Perjalanan yang singkat dengan Nani. Karena kami hanya bisa menikmati waktu bersama ya segitu saja. Sebentar. Sebentar yang relatif. Kalau bisa ku bilang dia hebat, maka iya dia hebat. Nani meninggalkan kesan yang sangat mendalam padaku. Aku masih ingat dimana pertama kali bertemu dengannya. Dan disana pula aku memiliki pengalaman yang akan kusimpan dalam waktu yang lama. Lama yang relatif.
Diantara banyak pilihan aku memilih Nani. Mungkin disitu ada Eli, Mala, Putri, atau Laya. Tapi tetap aku memilih Nani untuk berkenalan. Kesan pertama yang menakjubkan. Gambaran yang paling pertama aku dapat darinya manis. Sangat manis. Begitu juga harapanku padanya, manis sampai di titik akhir aku harus berpisah dengannya. Manis hingga untuk menunda perjumpaan selanjutnya.

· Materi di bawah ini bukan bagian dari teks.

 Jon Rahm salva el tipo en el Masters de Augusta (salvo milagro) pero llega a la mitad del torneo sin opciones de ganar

Interaksi pun terjalin dari hubungan yang diawali kehangatan. Kehangatannya itu bersikap manis dan ceria. Membawaku dalam suasana kegirangan. Dalam euforia gila itu aku tak henti bercerita pada temanku Daus. Tentu aku tidak akan lupa sama Daus. Daus lah yang menjadi wingman-ku untuk berkenalan dengan Nani. “Us, Nani manis sekali Us. Aku suka banget!”, wajah sumringah terlukis di mukaku yang tidak ekspresif. Dari awal aku bilang manis, manis, manis terus, memang semanis apa sih si Nani? Iya dia tuh… manis. Kapan-kapan mungkin kamu juga harus berkenalan dengannya.

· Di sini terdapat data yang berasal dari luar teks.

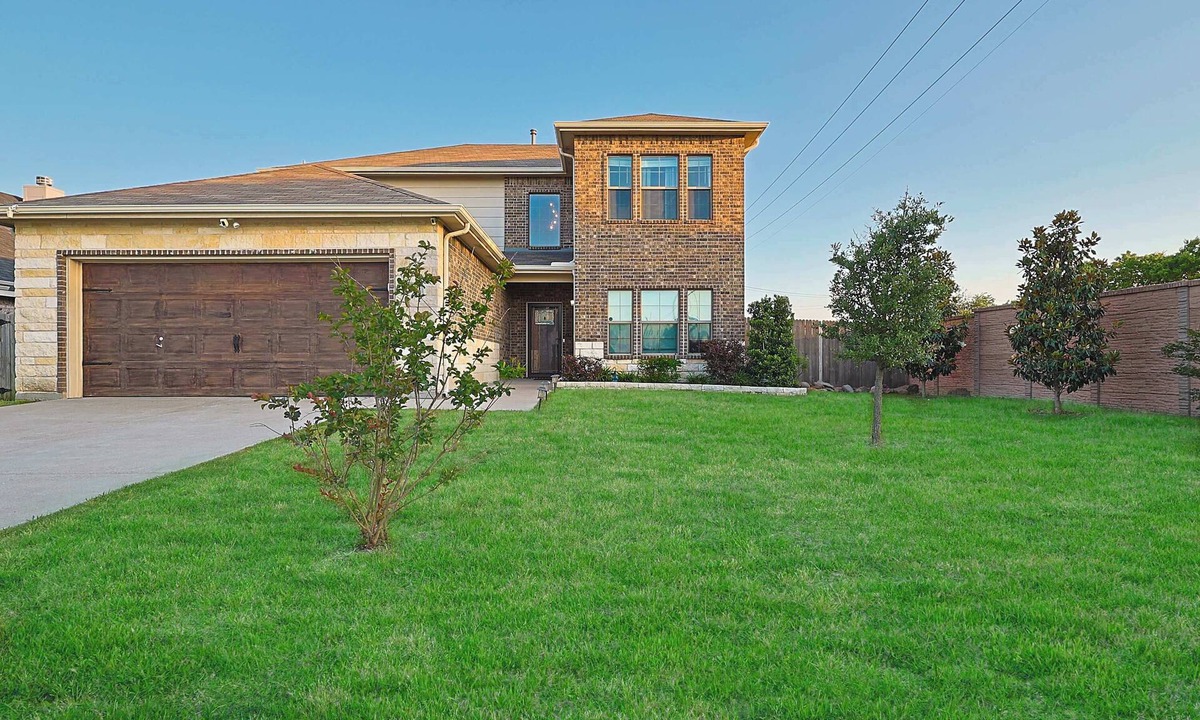 Royse City House | Luxe House Stay w Glamping, Pool, Golf Sim, Cinema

Tapi namanya berhubungan, tidak selamanya kita berada dalam kehangatan. Itu hanya hangat-hangat tahi ayam. Ketika sudah agak lama aku berkomunikasi dengannya dia pun berubah. Mulai menampakkan sisi lain darinya. Membawa kepahitan untuk menyentuhku. Pada saat itu aku masih berusaha menerima, karena masih ada sedikit pengharapan: “Mungkin dia dapat kembali manis seperti pertama kali jumpa”, begitu pikirku. Syahdan, itu hanya menjadi ekspektasi yang tak pernah bertemu realita. Hubunganku dengannya ternyata tidak pernah membaik. Semakin pahit, semakin pahit, dan semakin pahit ketika suasana semakin mendingin. Aku kecewa. Kenapa kamu begitu padaku Nani? Apakah memang semua yang kenal denganmu kau tempeli grafik emosi seperti itu? Atau kau hanya berikan itu khusus kepadaku. Kamu tidak tahu frustasi bisa mendekap dalam pikiranku. Karena kamu.
Nani.. oh Nani.. aku tak tahan lagi padamu. Cukup aku belajar darimu, kalau aku bisa kecewa juga dengan makhluk sepertimu. Nani.. oh Nani.. biarlah kau berkesan tapi kau tutup kisah ini dengan pahit.
*) Cerita untuk biji kopi Gunung Halu dengan penyajian aeropress. Biji yang tersimpan di jar sangat menggambarkan rasanya yang manis ketika diminum. Betul saja, untuk seruputan ketika hangat dia sangat manis sekali. Semakin dingin, dan semakin dingin suhu kopi setelah diseduh, manisnya kian tertutup dan rasa yang paling akhir terasa di mulut adalah hanya pahit. Sebenarnya tidak kecewa dengan rasanya. Berkesan dan lucu untuk diingat.